▶ _EXERCISE REQUIREMENTS_
Exact wording is required: transcribe all the entries and leave the images out.

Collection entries
------------------------------------------------
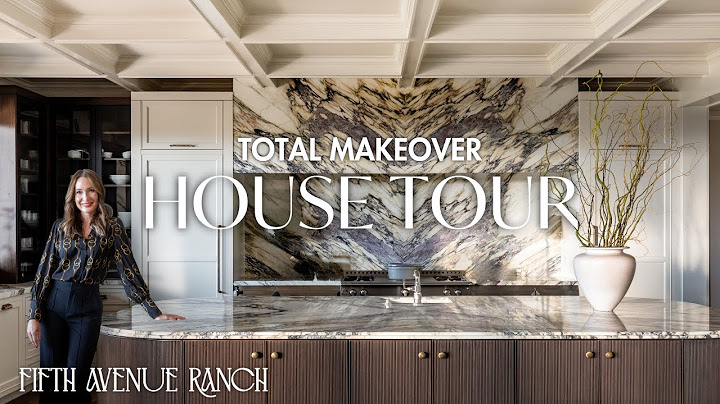We Gave a 50-Acre Ranch a Manhattan Glow-Up | Fifth Avenue Ranch FULL HOME TOUR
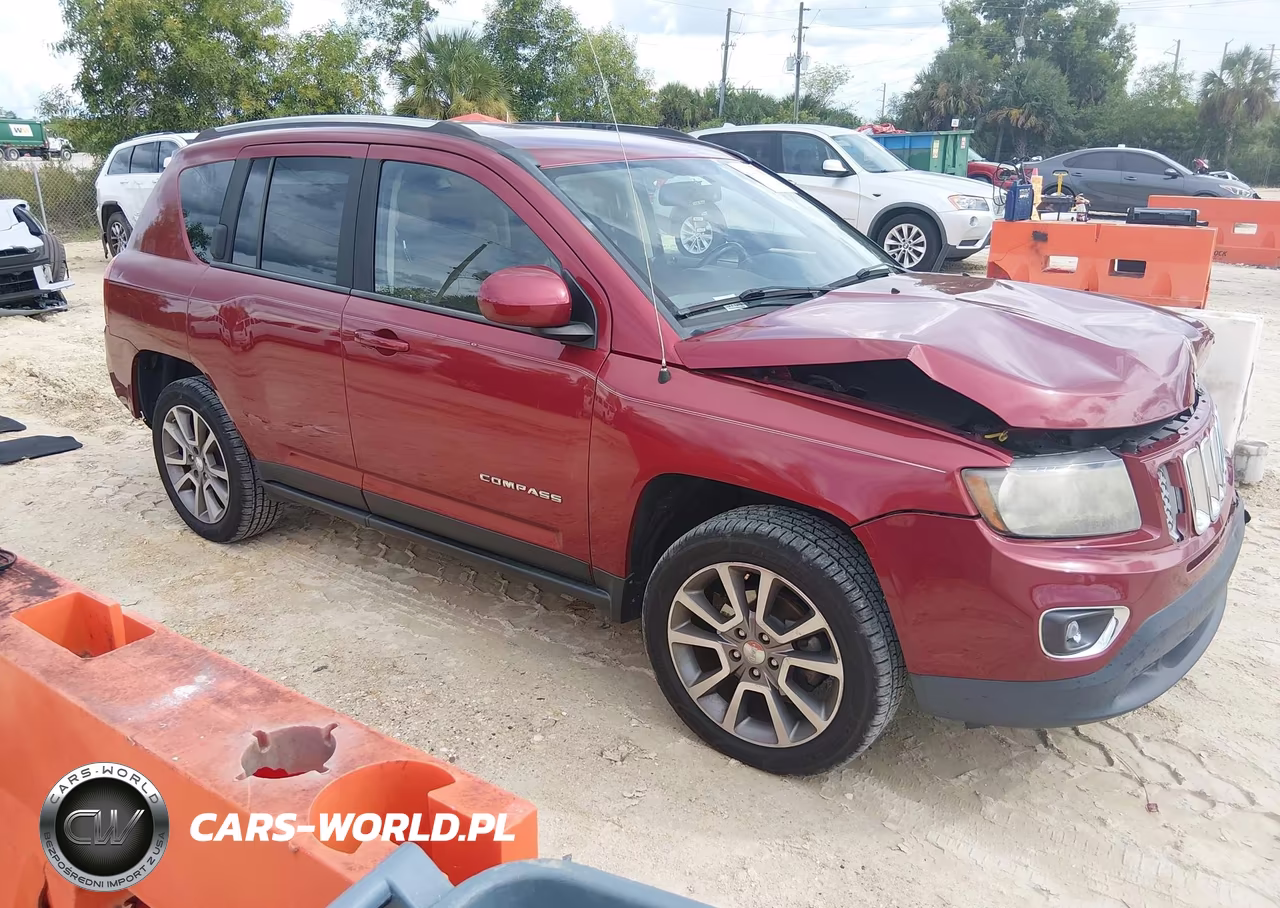 2014 Jeep Compass Limited VIN:1C4NJCCB4ED652590 - 1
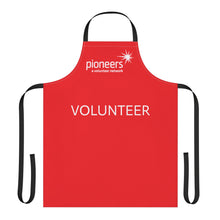 Load image into Gallery viewer, Red Pioneers Volunteer Apron with 2-Color Straps options - Perfect for Events &amp; Cooking
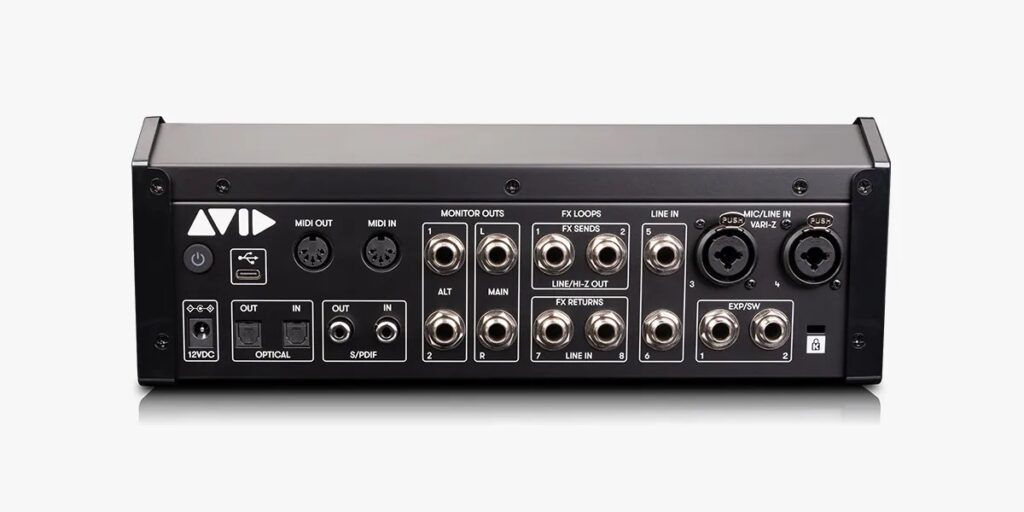 Avid MBox Studio interfaccia audio recording home studio mixing project soundwave strumentimusicali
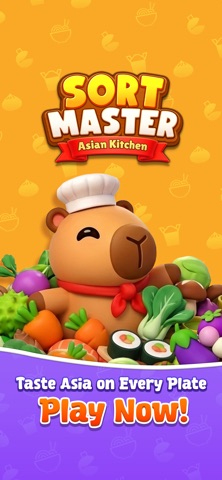 Sort Master: Asian Kitchen Screenshot 1 of 5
------------------------------------------------
▶ _SOLUTION TO THIS PROBLEM_
We Gave a 50-Acre Ranch a Manhattan Glow-Up | Fifth Avenue Ranch FULL HOME TOUR
 2014 Jeep Compass Limited VIN:1C4NJCCB4ED652590 - 1
 Load image into Gallery viewer, Red Pioneers Volunteer Apron with 2-Color Straps options - Perfect for Events &amp; Cooking
 Avid MBox Studio interfaccia audio recording home studio mixing project soundwave strumentimusicali
 Sort Master: Asian Kitchen Screenshot 1 of 5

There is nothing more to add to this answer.